Do you have a specific goal, or immediate impression, that you want the viewers to think and feel when experiencing your work?

W:
Well, like I was saying, I do have stuff there, when other times it’s just if it happens then it happens. So, if a viewer sees something in a piece, I’m glad for them, but I’m not specifically trying to push them a certain way. With some pieces I’m trying to just get them and see how they look, while experimenting with different techniques and things like that. It wasn’t really a process of, this is really important to me and having to let the world know. I think my work is still important, in a way, but just not like that. With the photograph series, we’re suppose to explore something that we knew. However, going after that, I decided to take photographs of objects around my house. In the full series, I think there’s 35 or 40 pictures. Some are as simple as mason jars of tomato paste that we have from canning stuff. Other things are, like in here. There’s a certain image that started that series. It’s the self image. I was trying to experiment with light, which I really like to do with photography. I was trying to experiment with the light on the shelf, that in reality isn’t that important because it’s just a shelf in my bathroom. To me, there’s an importance behind it that I can’t quite understand, if that makes sense. Similar to, well, I know this, so it feels important.

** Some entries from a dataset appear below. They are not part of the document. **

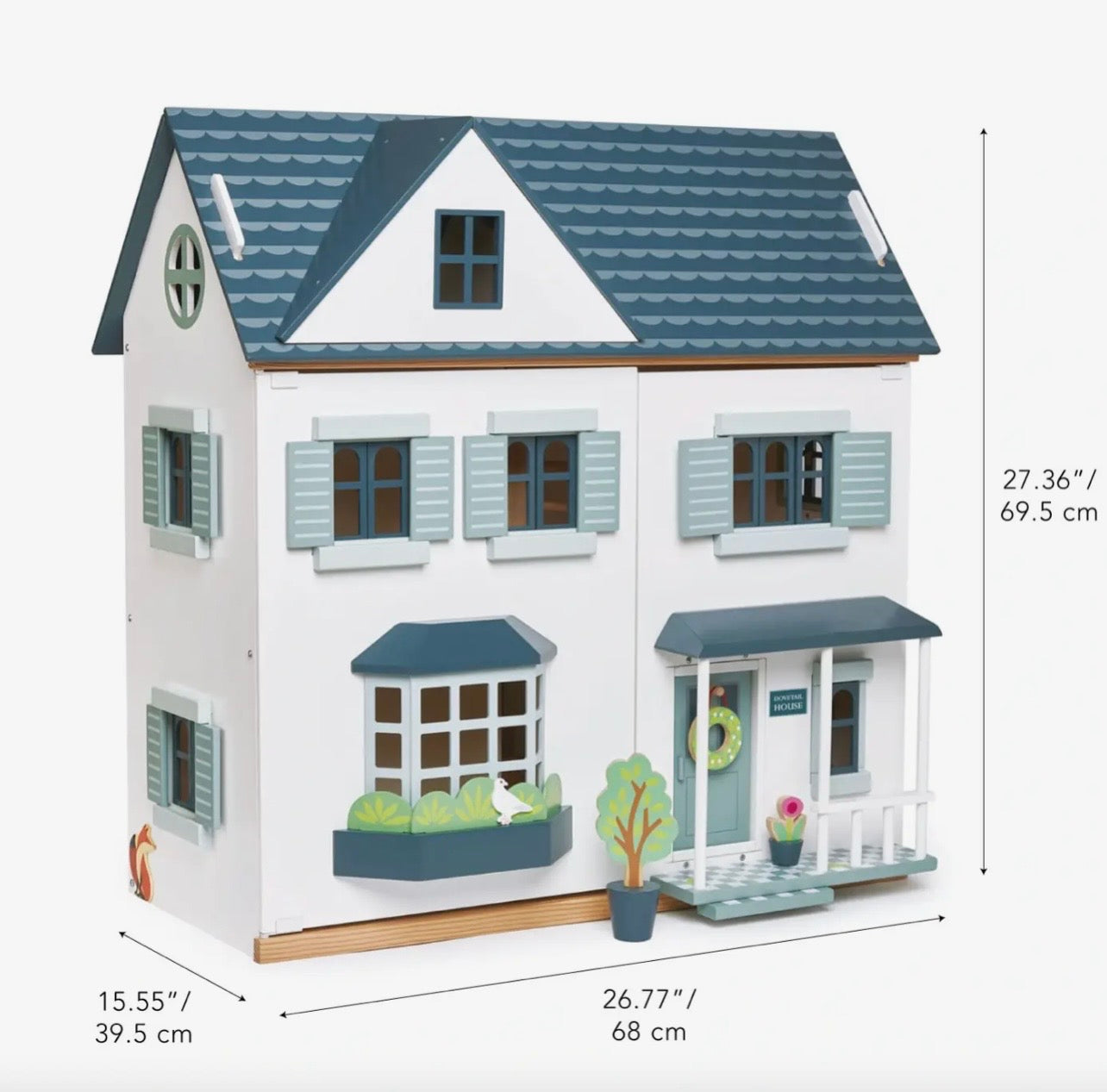 Tender Leaf - Dovetail House
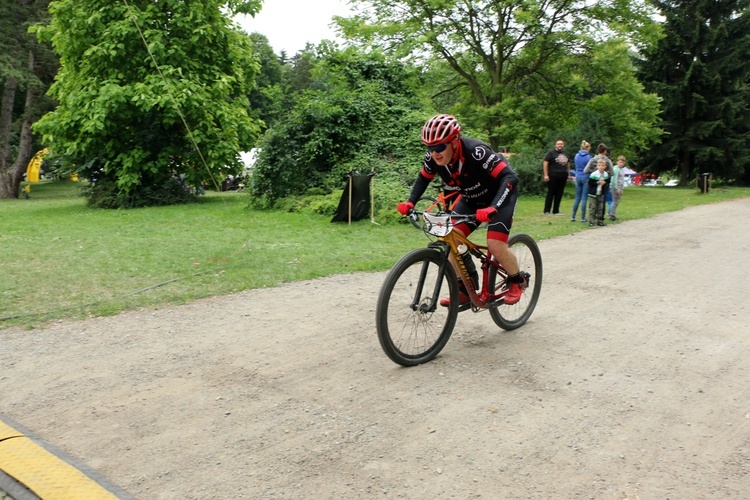 I Henrykowski Maraton Rowerowy "Ora et Ride"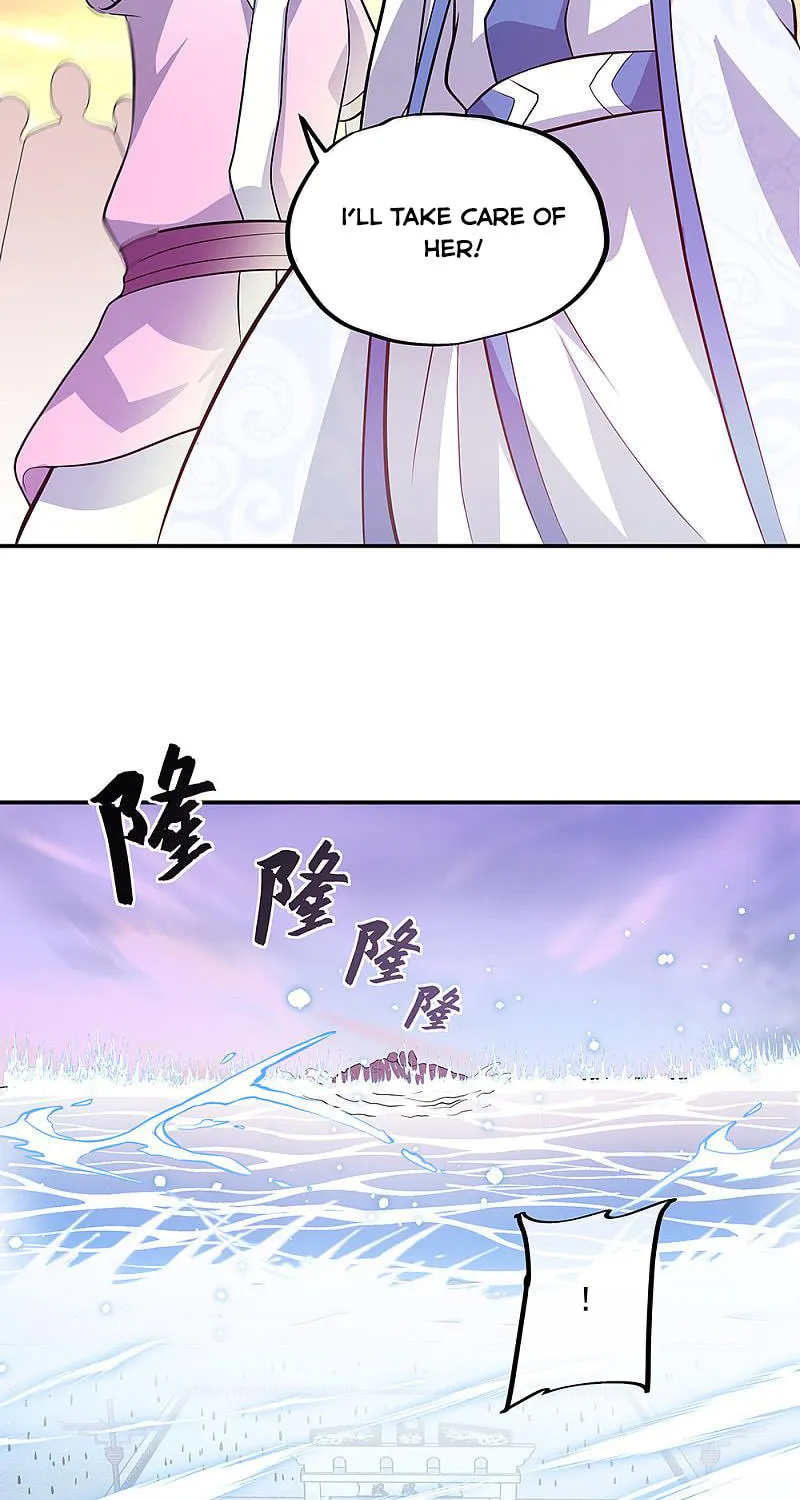 Peerless Battle Spirit (Colored) Chapter 284 page 41 - 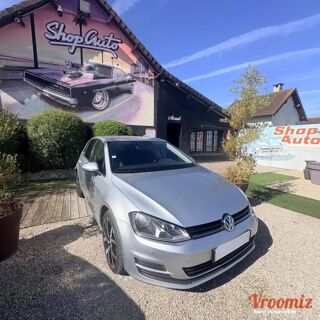 Golf 2.0 TDI 150 BLUEMOTION CONFORT LINE 2016 occasion 78490 Galluis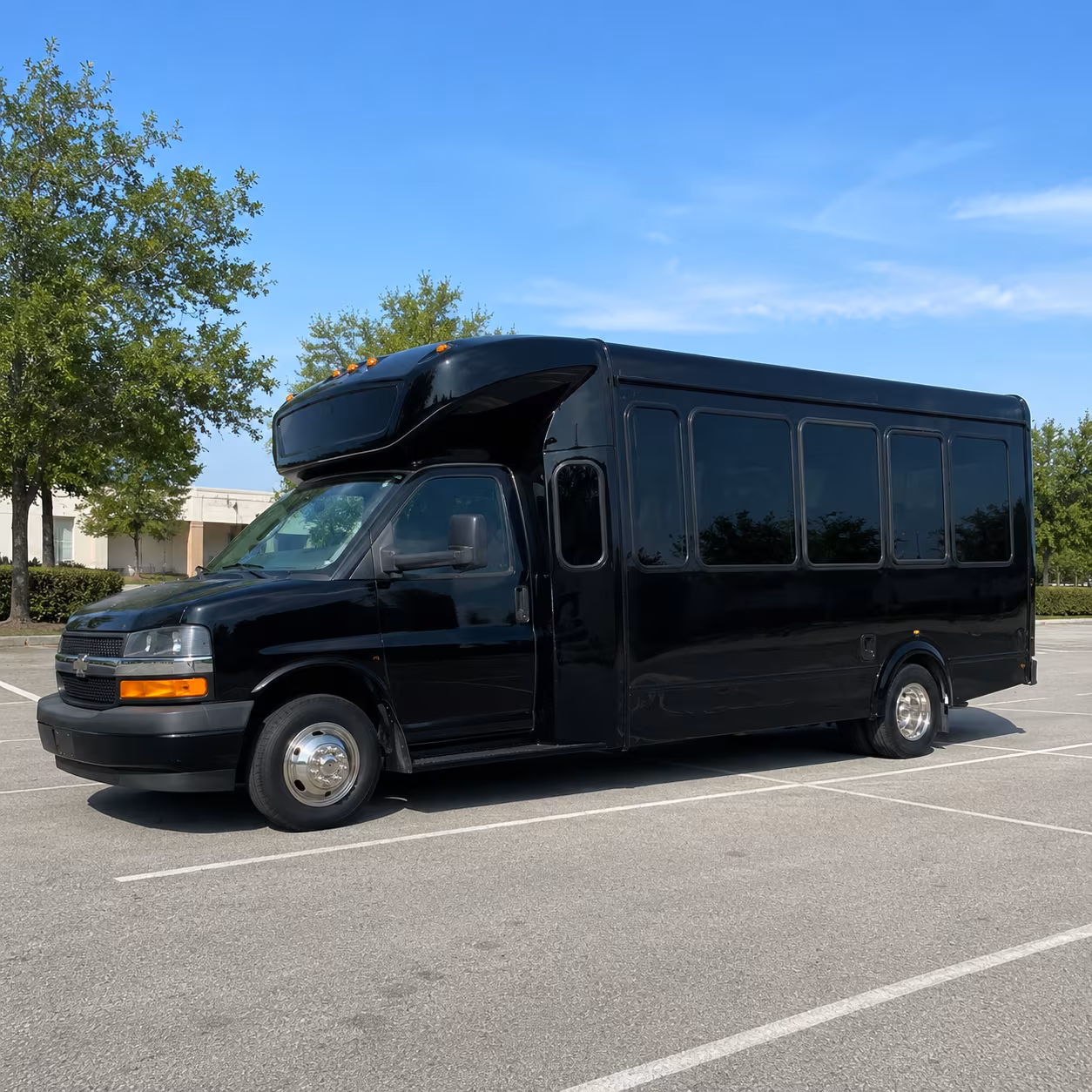 Jacksonville Party Bus Rental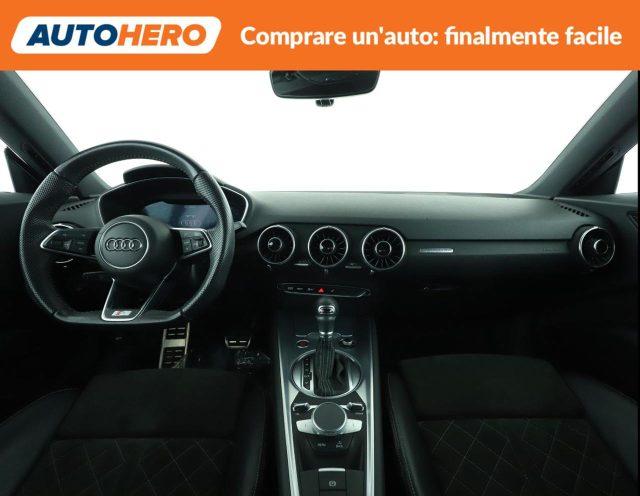 AUDI TT Coupé 45 TFSI quattro S tronic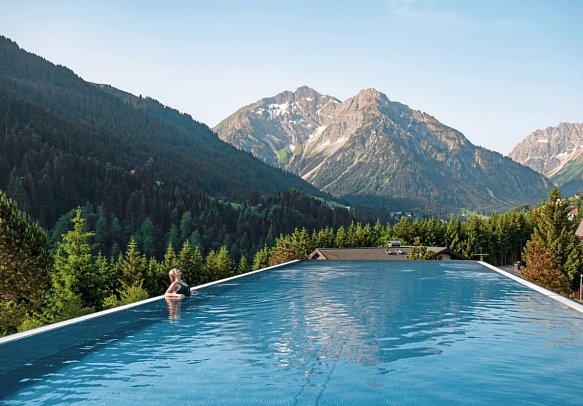 A-ROSA Ifen Hotel Kleinwalsertal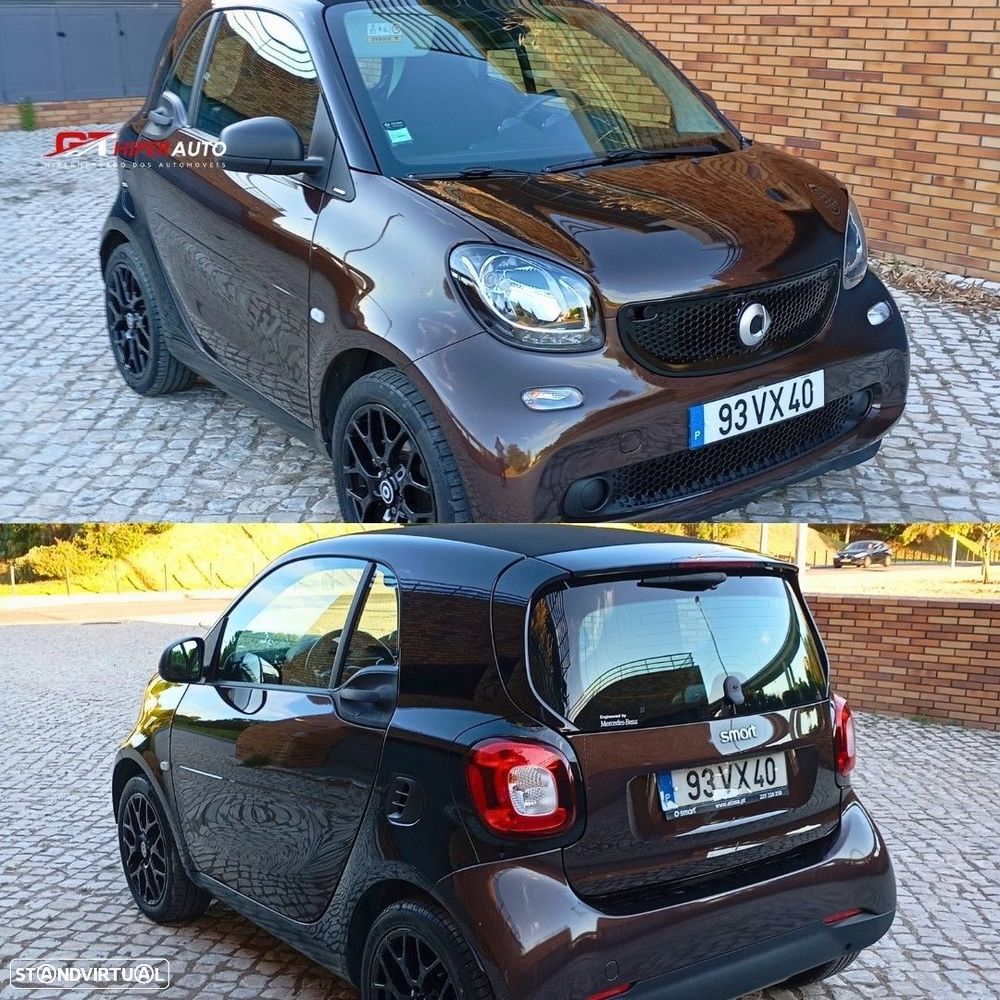 Smart ForTwo Coupé 0.9 Passion 90 - 10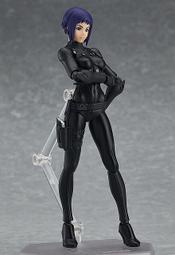 figma 攻殼機動隊 草薙素子 新劇場版Ver 特典版
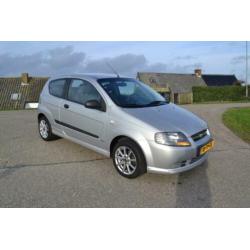 Chevrolet Kalos 1.2 Breeze Airco,Lm velgen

To anyone else, I don’t think they feel that, but to me, there’s a reason that this feels important. So, that’s where this series turned into something that wasn’t really just things around my house, but things that have a specific importance even if it’s just really vague for the viewer. For those, I’m not expecting the viewer to get anything out of them. They might find bits of relations that, in turn, can find comfort in, but I’m not specifically trying to get the viewer to see that. So, like I was saying, if the viewers see something, I’m glad they do. I would honestly like to know what they see, just because I think that’s interesting, but I’m not trying to force them to see something that I may be putting out there.

K:
My two screen prints that are in this show are the works which I am most pleased with and feel represent a certain side of my work effectively. I am largely influenced by nature, namely the sky and cosmos. I hope that my screen prints will convey some degree of a connection with nature. The piece, “Where are you now? I still need you here,” was created shortly after the unexpected death of my mother. That is the first piece in a series that I am working on which deals with the concepts of life, death, the afterlife, and the consideration of a higher power. I don’t like the idea of telling a viewer exactly how to interpret my work, but I use titles as a guide of my intent.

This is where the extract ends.